Galde 48. Udaberria 2025 Primavera. Luis Castells.-
La cuestión se suscita a la hora de encarar sucesos que se produjeron durante la Transición y con la democracia, y que resultan para algunos, incómodos, para otros utilitarios, y en todo caso denigrantes desde una perspectiva democrática. Abarcan un conjunto de hechos de diversa naturaleza, aunque los más significativos se relacionan con los asesinatos y la violencia ejercida fundamentalmente contra ETA y grupos o personas próximas –aunque también afectaron a gentes que no tenían relación alguna con esta organización–, y se produjeron durante dos períodos concretos: 1975-1981 y 1983-1987. No se suele quedar aquí la denuncia de graves delitos generados desde aparatos del Estado pues en ocasiones se incluyen hechos ciertos y punibles como los excesos y abusos policiales, en especial el llamado «gatillo fácil», e incluso el tema torturas, aunque estas suelen tener un tratamiento distinto y específico.
Vayamos por partes.
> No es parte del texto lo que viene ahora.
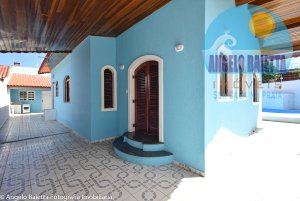 Casa terrea em 2 lotes, 3 dormitorios, Oásis, á 200 metros da praia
Dejemos sentado que todo lo señalado (actuaciones asesinas desde ámbitos paraestatales o ultraderechistas, violencia policial) fueron hechos extremadamente graves, que no pueden obviarse o restar importancia y en los que había una implicación o consentimiento de aparatos del Estado. Dicho esto, hay que señalar dos elementos desencadenantes que animaron su existencia: en primer lugar, la persistencia de elementos neofranquistas en ámbitos del Estado como consecuencia del resultado de la Transición; en segundo lugar, la propia existencia de ETA. ¿Qué pretendemos decir? La Transición se llevó a cabo a partir de una «correlación de debilidades» (Vázquez Montalbán) en la que ninguno de los dos sectores que entraron en liza (el reformismo suarista versus la oposición) disponían de la capacidad de imponer su proyecto al otro. El resultado fue un híbrido que permitió alcanzar la democracia, pero con significativos lastres y uno de ellos, quizá el más notable, fue la continuidad de franquistas en los aparatos del Estado, especialmente en el Ejército y en las Fuerzas de Orden Público. Tal situación generó un marco erizado de dificultades, pues la expresión más sensible de lo que debía ser el nuevo estado democrático –el orden público quedaba al cuidado de miembros de la seguridad del Estado en ocasiones añorantes del franquismo. Esta continuidad supuso la presencia de grupos dispuestos a saltarse las normas del Estado de derecho, en especial si había que hacer frente a ETA.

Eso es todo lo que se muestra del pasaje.